The remains of the tomb of Suleiman the Magnificent, who died in 1566 while his troops were besieging the fortress of Szigetvar in southern Hungary, have “in all likelihood” been found, a Hungarian historian said Wednesday.
Norbert Pap said the tomb is believed to have been built over the spot where Suleiman’s tent stood and where he died. Pap, head of the department of Political Geography, Regional and Development Studies at the University of Pecs in Hungary, said objects suggesting it was Suleiman’s tomb were found during the dig, as well as other historical evidence, although more excavations are needed to confirm the find.
“We have data which all points in the same direction,” Pap said at a presentation of the latest findings. “That is why we say ‘in all certainty,’ because there is no sign pointing in another direction. But more confirmation is needed, as this is a very delicate topic.”
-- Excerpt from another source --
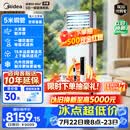 美的中央空调 5匹柜式空调 双排铜管  商用空调 380V 一级能效 RFD-120LW/BSDN8Y-PA401(1)A-包5米铜管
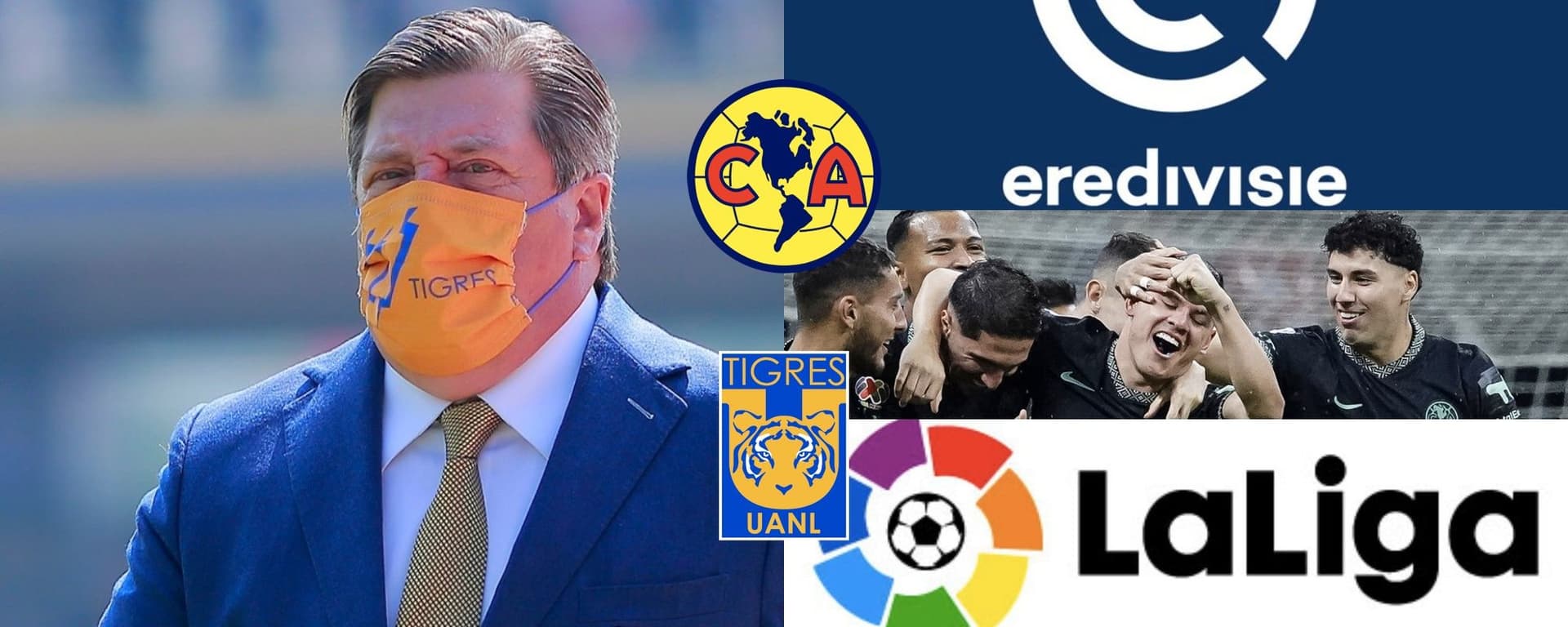 Tigres buscaba reforzarse con un elemento bien conocido por Miguel Herrera aunque todo quedaría en intenciones.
Until his death at age 71, Suleiman was the Ottoman Empire’s longest-ruling sultan. The Turks greatly expanded their dominance in the Balkans, the Middle East and northern Africa during his 46-year reign.
What is believed to be the sultan’s tomb is located in the former Ottoman settlement of Turbek, which was destroyed in the 1680s. The settlement’s discovery was announced by Pap in 2013.
Historians believe Suleiman’s heart and internal organs were buried in the tomb and his body taken back to Constantinople, as Istanbul was then known. His death at Szigetvar was kept secret for 48 days to prevent his troops from giving up the fight.
Szigetvar was defended by locals led by Croatian-Hungarian nobleman Miklos Zrinyi. The siege was a pyrrhic victory for the Turks and delayed their ultimately unsuccessful advance toward Vienna for decades.
Pap said some other structures near the tomb, all still underground, are likely to be a small mosque and a dervish monastery. He said excavation work at the site would restart in April.